En 1985, Ortega formalmente reclamó el título de “presidente” y siguió en el poder hasta 1990, cuando perdió en elecciones libres. De inmediato abandonó su trono — a su crédito. Pero se puede decir de Daniel Ortega lo que sea, pero nunca que se da por vencido.
Perdió en otras elecciones en 1996 y luego en 2001, hasta llegar a 2006 — ¡cuando ganó! Lo hizo casi 27 años después de haber tocado el poder por la primera vez. Ortega volvió a ser el número uno, y jamás ha repetido su error de 1990, el de entegar el poder después de haberlo ganado.
Esta vez, paso a paso, Ortega ha impuesto su control casi absoluto sobre el Congreso, la Corte Suprema, y el Consejo Supremo de Elecciones, sin mencionar la policía y el ejército. Hace un año, ganó las elecciones de nuevo para quedarse en el poder, esta vez con su esposa Rosario Murillo como Vice-presidente.
Un político muy eficaz, Ortega ha permitido que el sector de negocios tome su propio sendero económico y ha ganado el apoyo de la Iglesia Católica, por actuar contra el aborto.

 

Presidente Daniel Ortega

De hecho, Daniel Ortega — que jugó un papel primordial en la caída de la dinastía tiránica somocista — ha vuelto a ser dictador él mismo. Con sus 72 años de edad, Ortega ya ha ejercido poder en Nicaragua durante 23 de los últimos 39 años — y durante 12 de los últimos 12 —  un récord que hubiera sido más que suficiente para casi cualquier otro político, pero no para él.
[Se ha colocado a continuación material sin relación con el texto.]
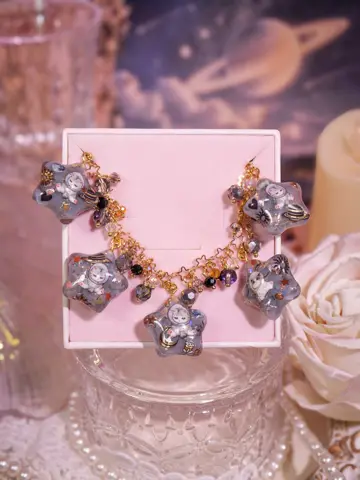 ข้อมือดาวเทาแมวอวกาศ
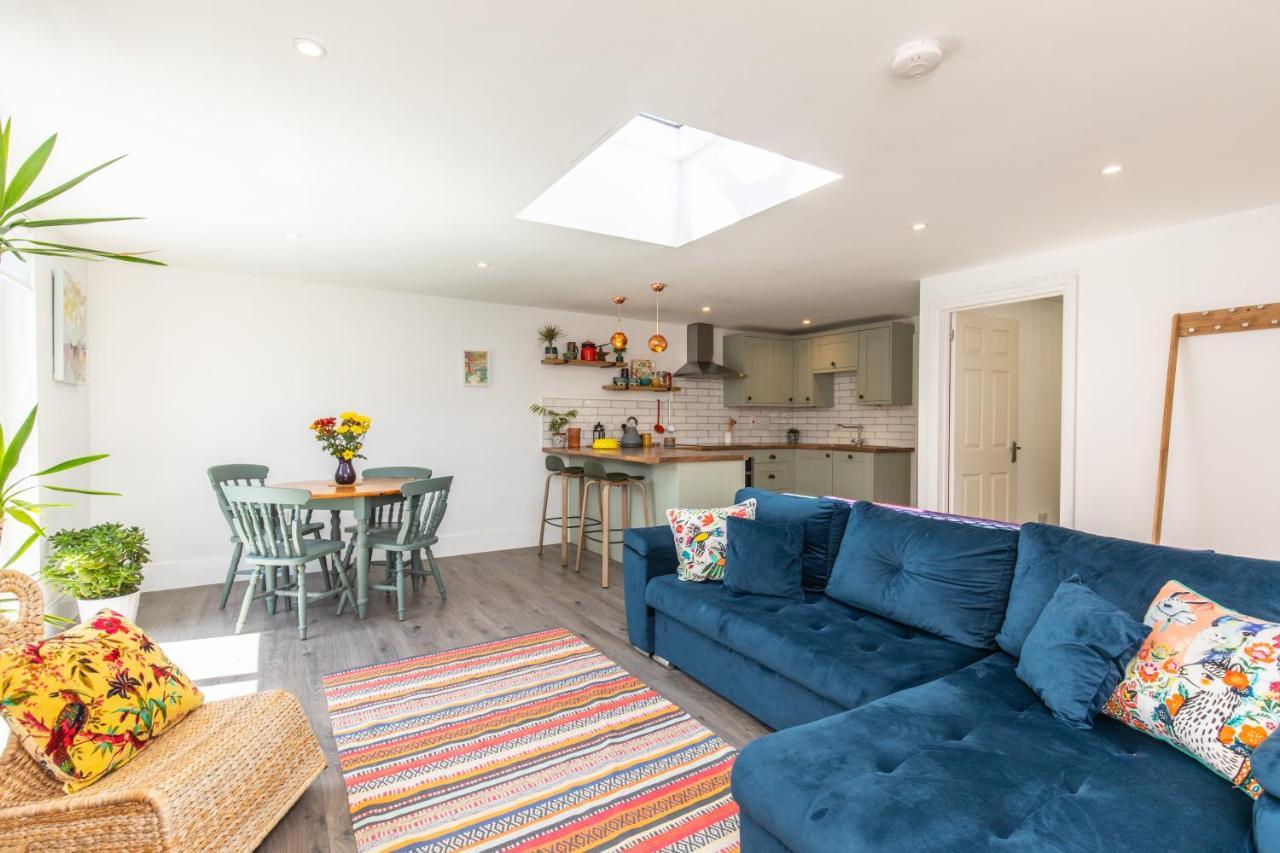Beach, Hills, Food, Scenic Walks-The Kelp House. Peacehaven Esterno foto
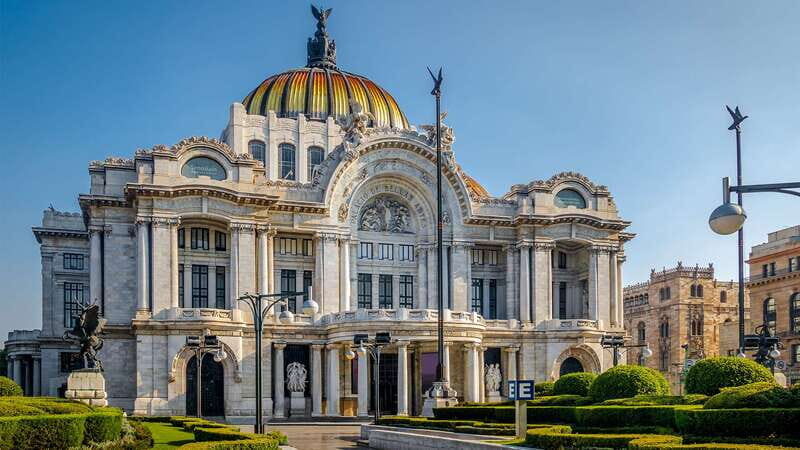 Mexico City: Historic Downtown Walking Tour - Zócalo square: the heart of Mexico (and where to orient yourself)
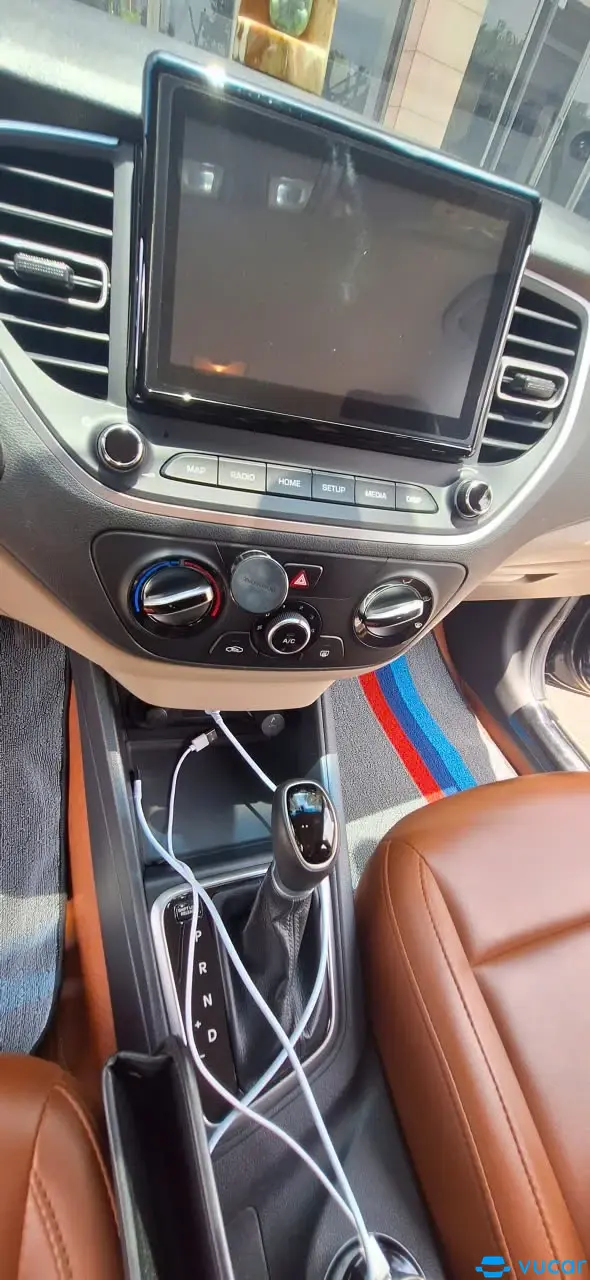 Hyundai Accent 1.4 AT 2022 - Nội thất 7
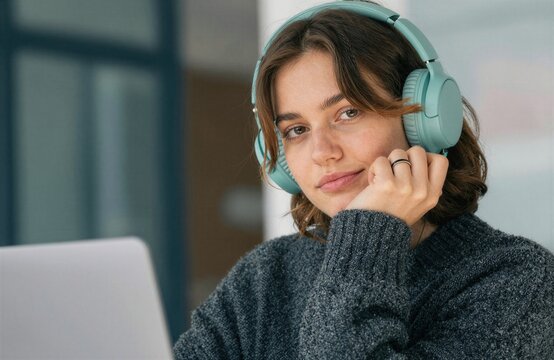 Una joven con auriculares, absorta en su mundo musical.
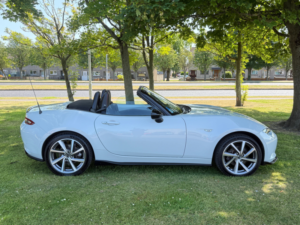 2016 Mazda Mx-5 2.0 Skyactiv-G Sport Recaro Convertible 2dr Petrol Manual Euro 6 (160 Ps) in Silver — image 2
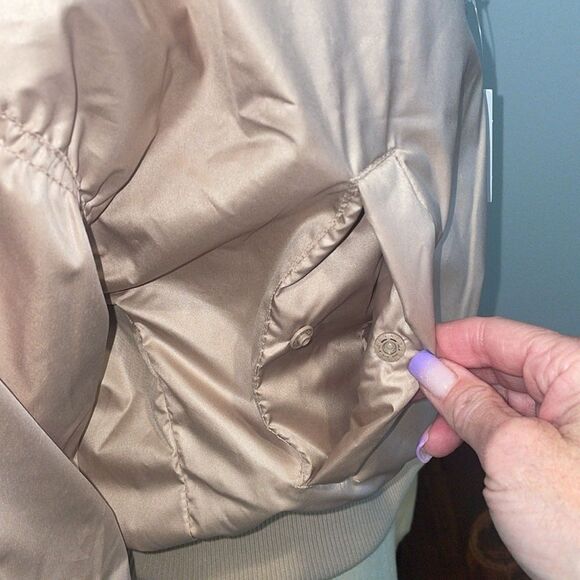 NWT Old Navy Puffer Jacket Size S Petite - Picture 4 of 11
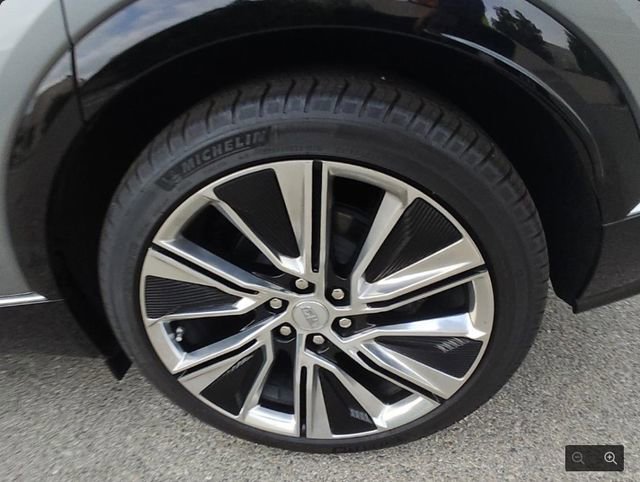 Used 2024 Cadillac Lyriq Luxury image 10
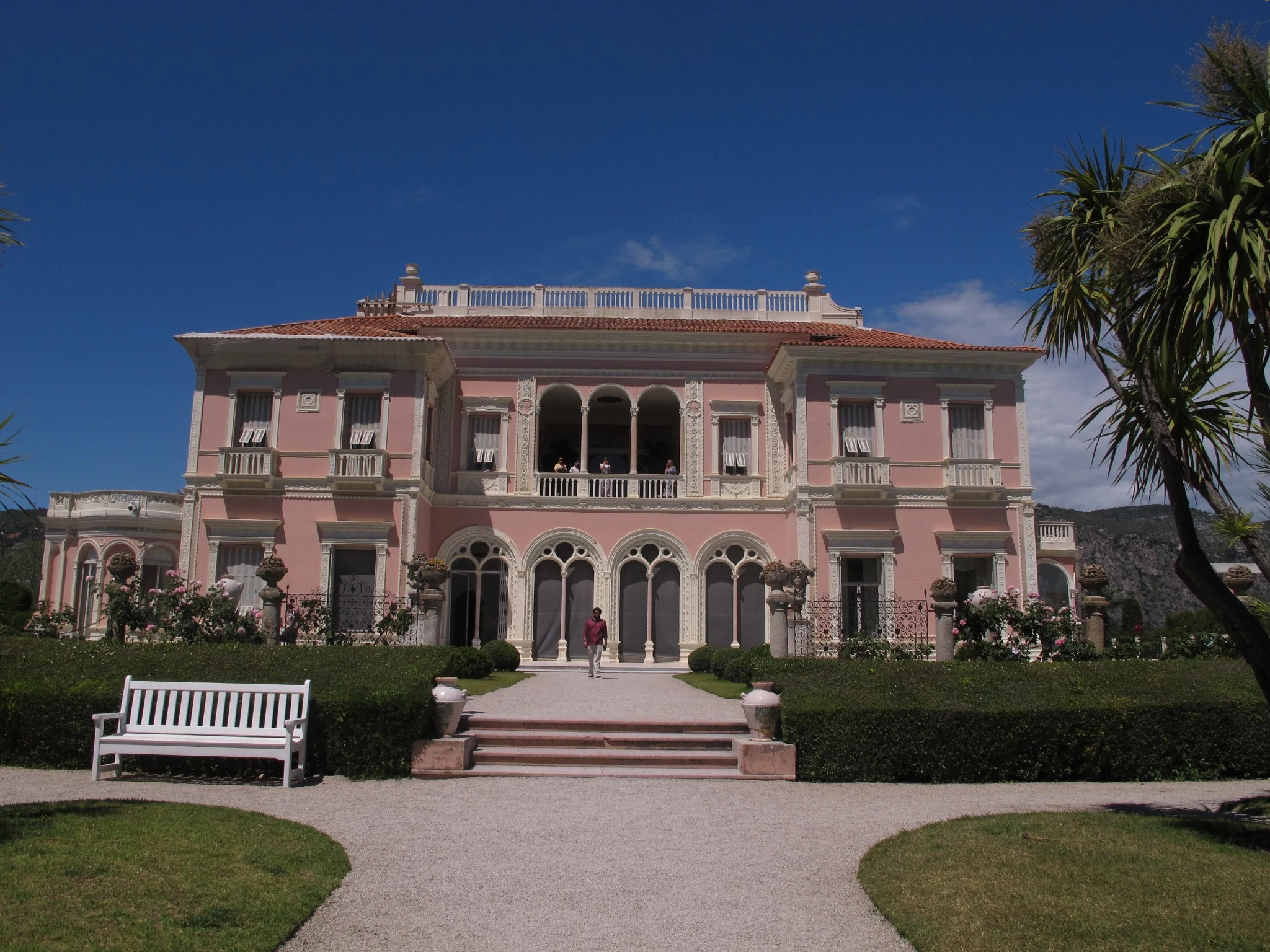 Pink Riviera villa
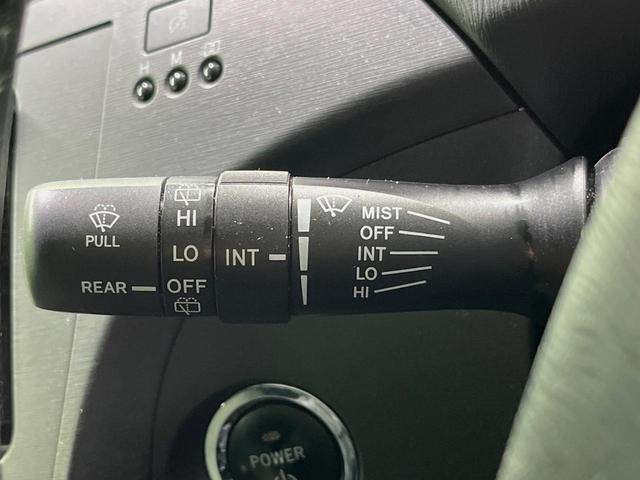 プリウス Ｇツーリングセレクション　ＳＤナビ　バックカメラ　スマートキー　ＬＥＤヘッドライト　ＥＴＣ　クルーズコントロール　純正１７インチアルミホイール　オートライト　オートエアコン　革巻きハンドル　フォグランプ　横滑り防止装置（29枚目）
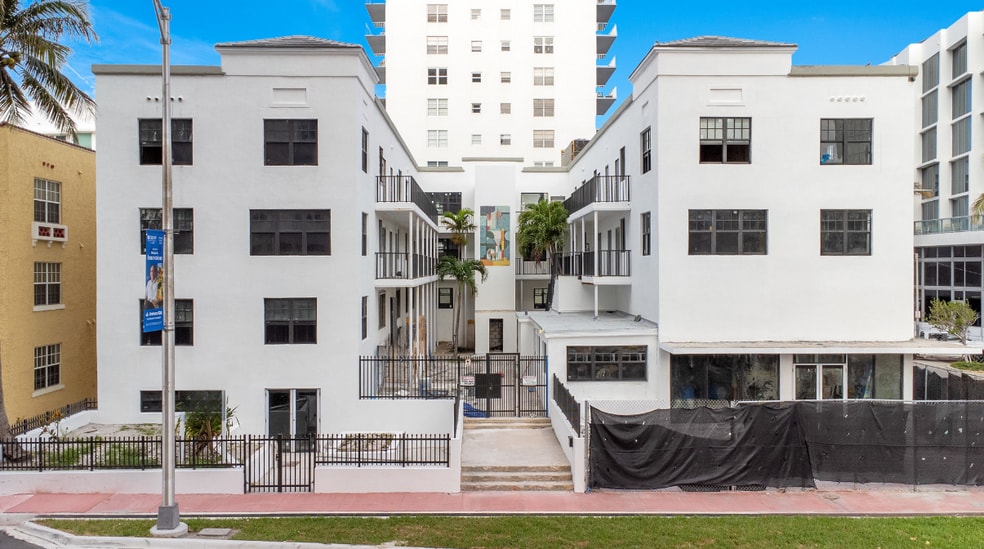 More Photos Of 2814 Collins Ave, Miami Beach Apartments For Sale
Mientras tanto el escenario político en Nicaragua ha cambiado casi por completo durante las últimas semanas. Desde hace dos meses, el país ha caído en un caos inesperado, un conflicto disparado por factores aparentemente menores pero de hecho inmensos — unos cambios en los pagos para la seguridad social y una baja en los beneficios de pensión. Fueron las gotas de agua que colmaron el vaso.
Miles de nicaragüenses han salido a las calles para manifestar su oposición al gobierno, que reaccionó en forma salvaje. Más de 170 personas ya han perdido sus vidas, y centenares han sido heridos — la gran mayoría de los golpes infringidos por las fuerzas del estado o por grupos paramilitares fieles a Ortega y su esposa.
A mediados de junio y con la intercesión de la Iglesia Católica, los dos lados empezaron a negociar un acuerdo de paz, con cierto éxito al principio. Casi al mismo momento, dos terribles y sangrientos ataques sucedieron en la capital nicaragüense, poniendo en duda la posibilidad de un pacto.
Por su parte, el gobierno ha rechazado las llamadas de la oposición pidiendo la renuncia de Ortega y su esposa. No parece tampoco que el gobierno está dispuesto a convocar elecciones  el próximo año.
La lucha continúa.

 

*Periodista y escritor canadiense múltiples veces galardonado, analista especializado en temas latinoamericanos. Exclusivo para Correo Canadiense.